* [EXERCISE INSTRUCTIONS]: Without including any pictures, return the records below exactly as written.

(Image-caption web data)
-- -- --

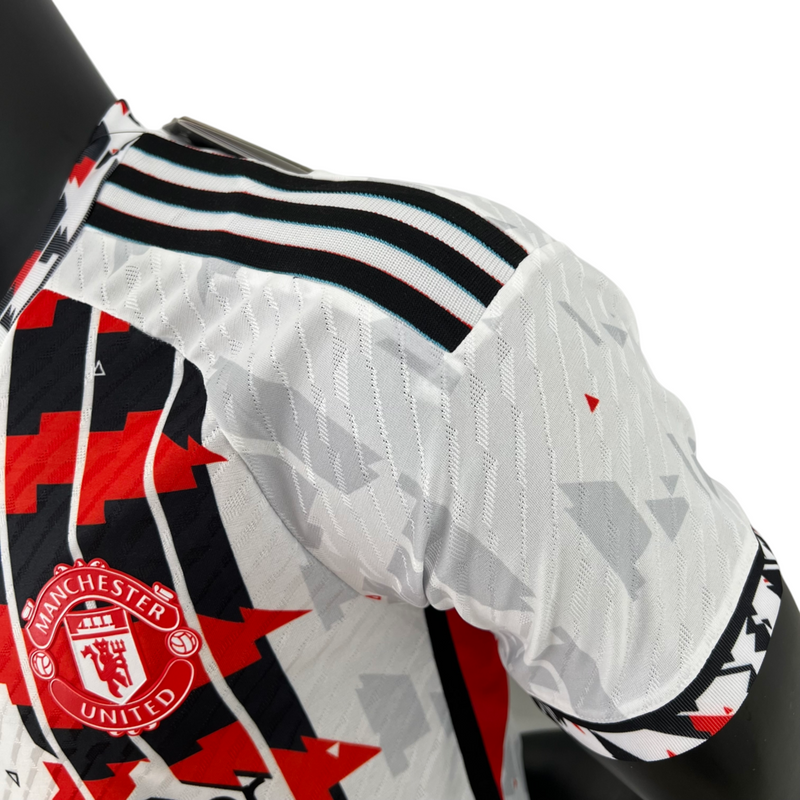 Camisa Manchester United Edição Especial 23/24 Branco - Versão Jogador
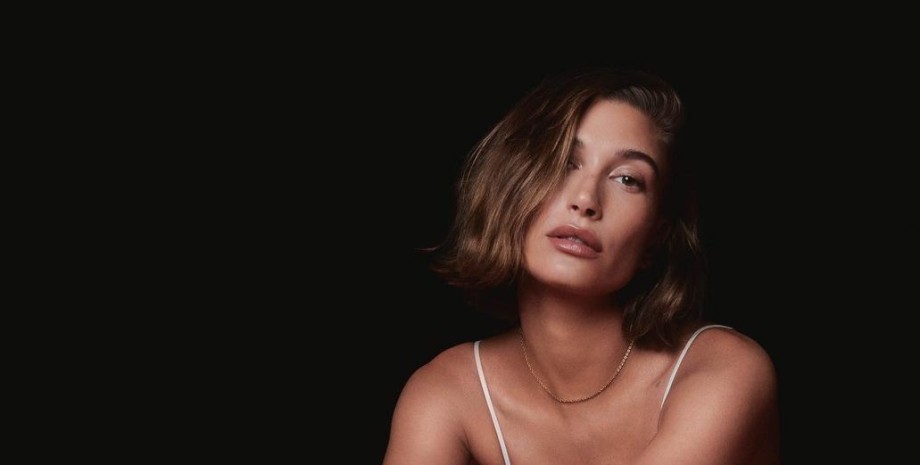 Хейли Бибер снялась в праздничной рекламе Calvin Klein Хейли Бибер снялась в праздничной рекламе Calvin Klein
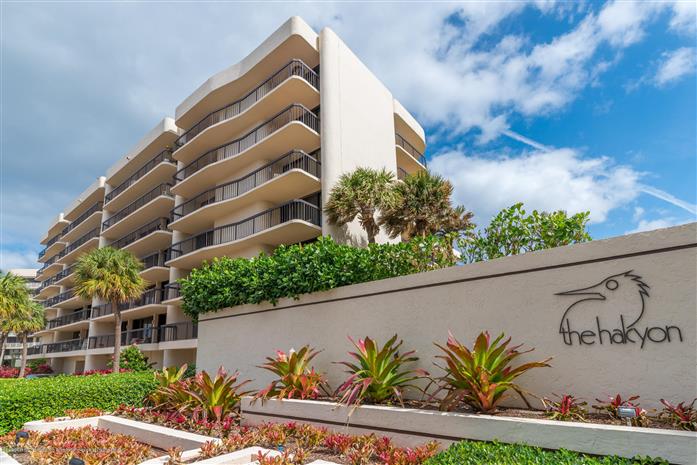 3440 S Ocean Boulevard 40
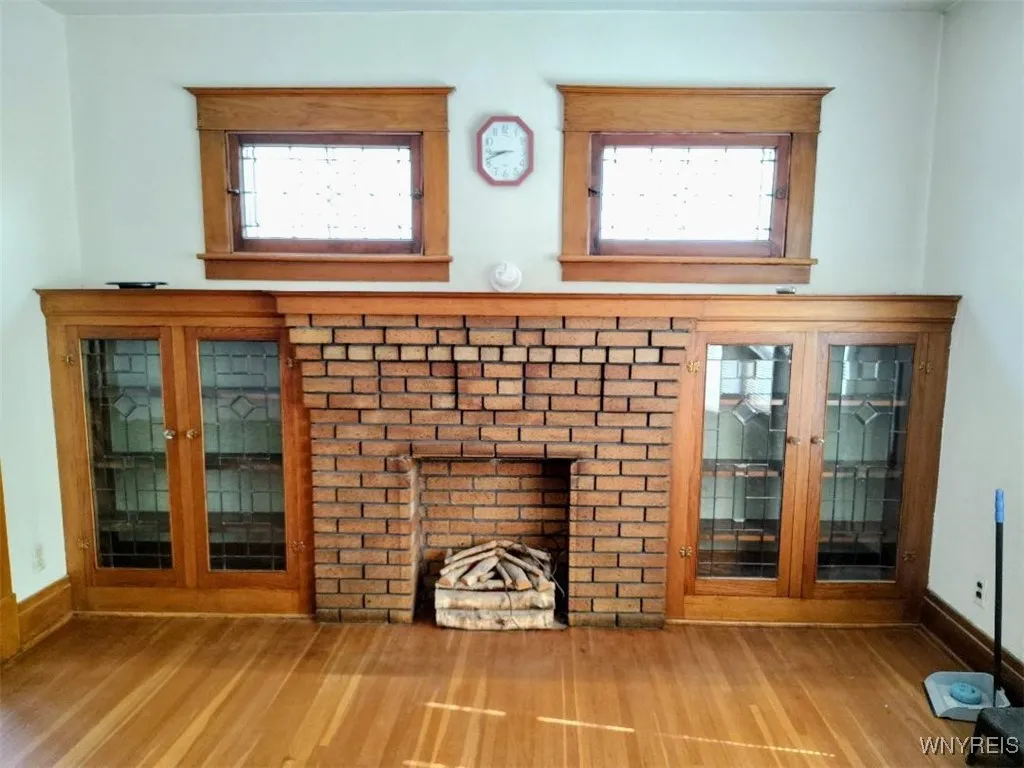 Upper unit - fireplace (decorative) and built-ins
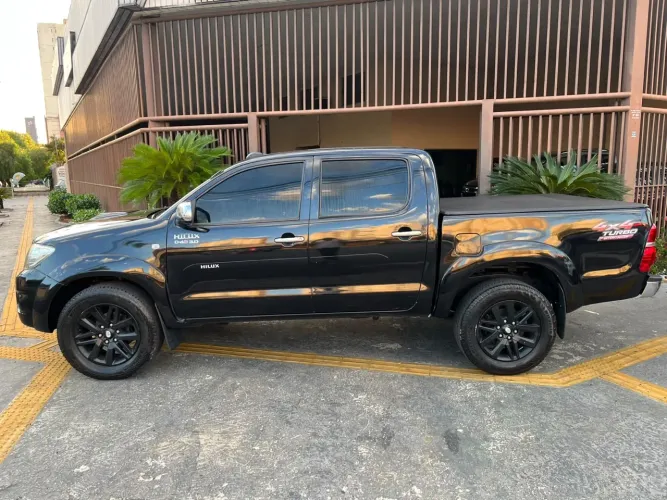 Toyota Hilux CD SRV D4-d 4X4 3.0 TDI Diesel AUT 2006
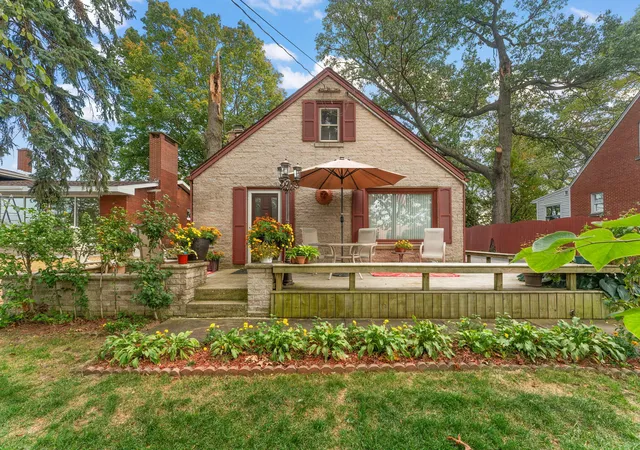 Photo 1 of Sale Pending at 3324 Ridge Rd, Highland, IN 46322 | MLS# 846993 | Listing updated on 2026-10-26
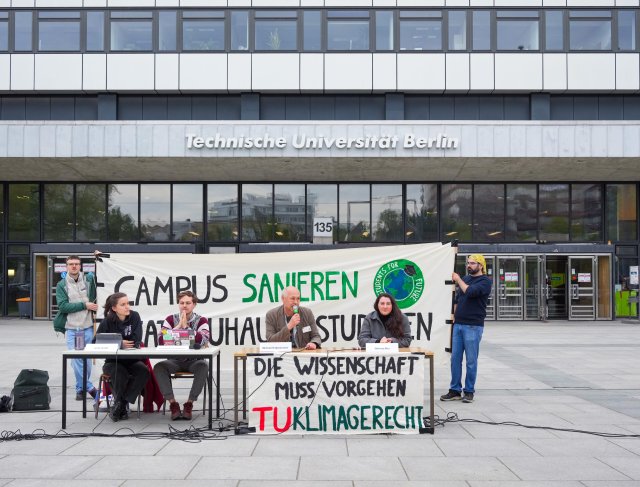Jette Arndt, Friedrich Lauenstein, Michael Hüllenkrämer und Jehona Ali (sitzend, v. l. n. r.), Mitglieder des Bündnisses »Campus sanieren«, geben vor dem wegen baulicher Mängel geschlossenen Hauptgebäude der Technischen Universität (TU) Berlin eine Pressekonferenz.
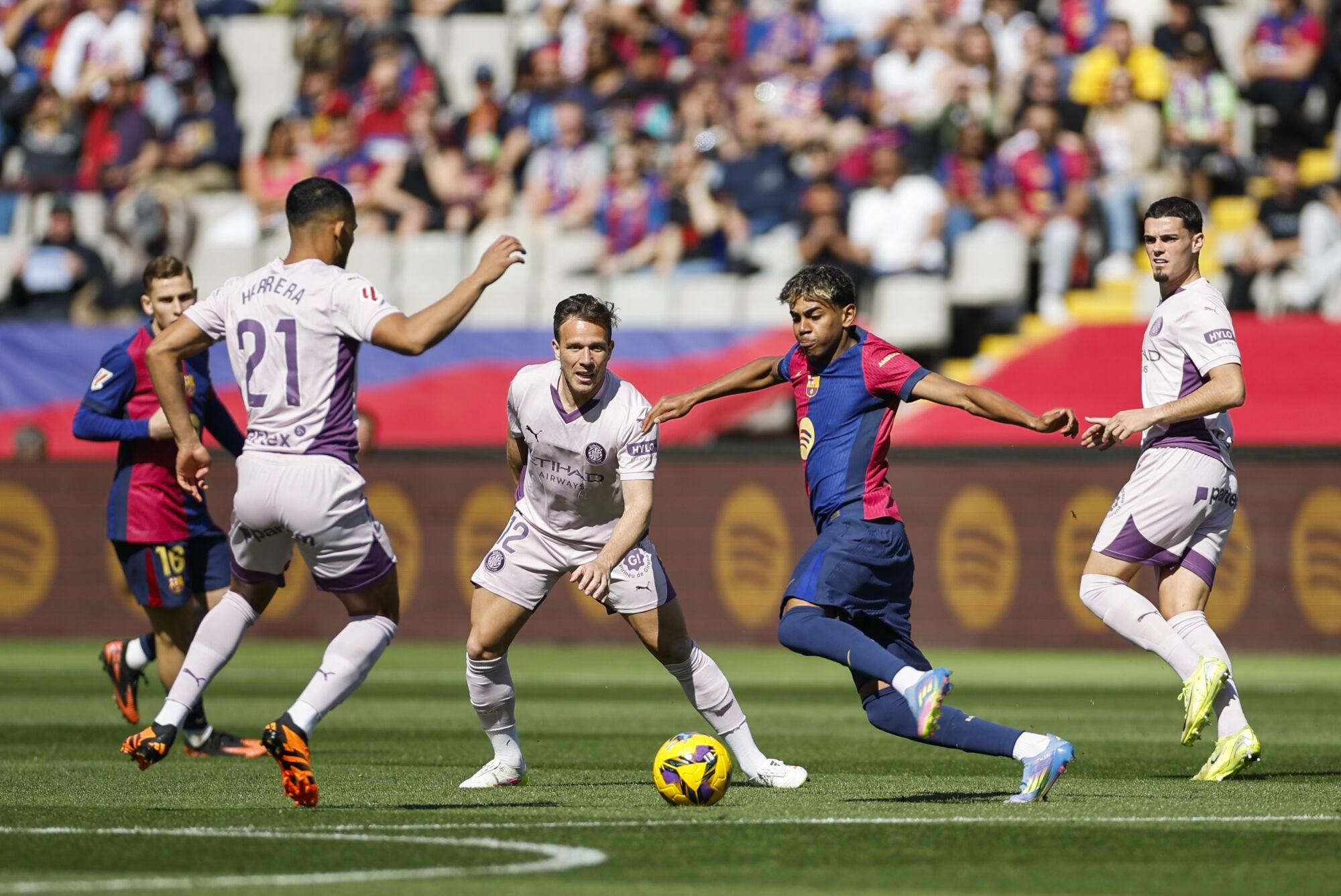 ***CORRECTS BY LINE*** FC Barcelona's Lamine Yamal (2R) vies for the ball against Girona's Arthur Ramos (C) during LaLiga Primera Division match between FC Barcelona and Girona at Lluis Companys in Barcelona, Catalonia, Spain, 30 March 2025. EFE/ Alberto Estevez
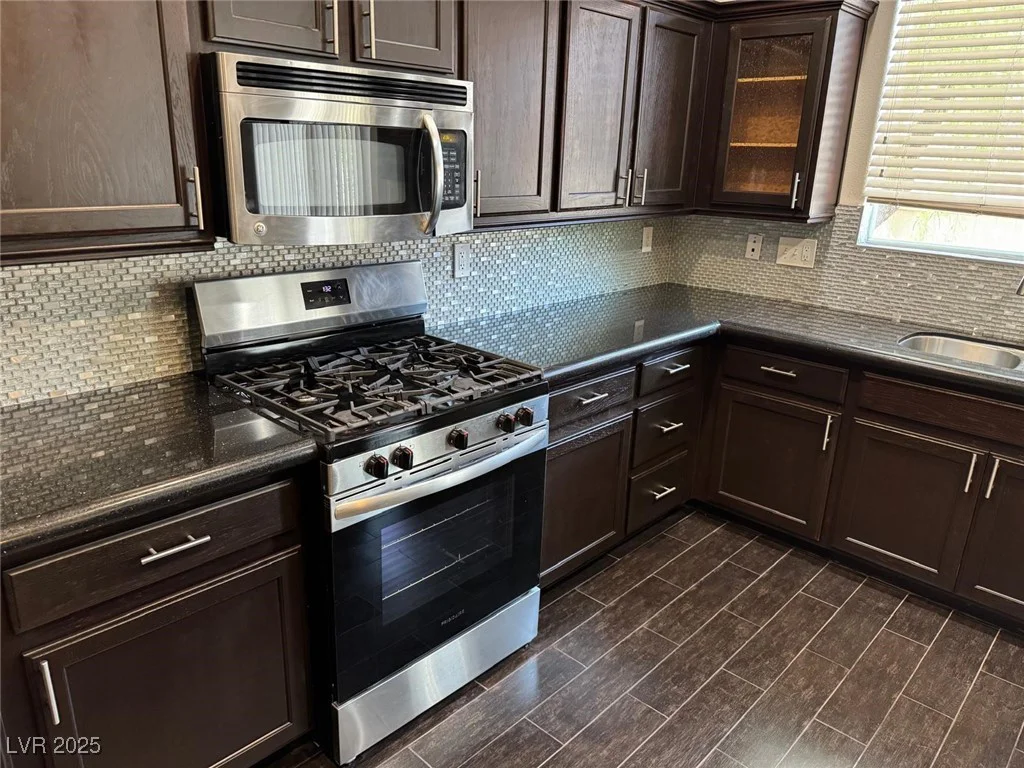 10118 Farmington Hall, Las Vegas, NV 89129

-- -- --

* [WRITTEN RESPONSE]:
 Camisa Manchester United Edição Especial 23/24 Branco - Versão Jogador
 Хейли Бибер снялась в праздничной рекламе Calvin Klein Хейли Бибер снялась в праздничной рекламе Calvin Klein
 3440 S Ocean Boulevard 40
 Upper unit - fireplace (decorative) and built-ins
 Toyota Hilux CD SRV D4-d 4X4 3.0 TDI Diesel AUT 2006
 Photo 1 of Sale Pending at 3324 Ridge Rd, Highland, IN 46322 | MLS# 846993 | Listing updated on 2026-10-26
Jette Arndt, Friedrich Lauenstein, Michael Hüllenkrämer und Jehona Ali (sitzend, v. l. n. r.), Mitglieder des Bündnisses »Campus sanieren«, geben vor dem wegen baulicher Mängel geschlossenen Hauptgebäude der Technischen Universität (TU) Berlin eine Pressekonferenz.
 ***CORRECTS BY LINE*** FC Barcelona's Lamine Yamal (2R) vies for the ball against Girona's Arthur Ramos (C) during LaLiga Primera Division match between FC Barcelona and Girona at Lluis Companys in Barcelona, Catalonia, Spain, 30 March 2025. EFE/ Alberto Estevez
 10118 Farmington Hall, Las Vegas, NV 89129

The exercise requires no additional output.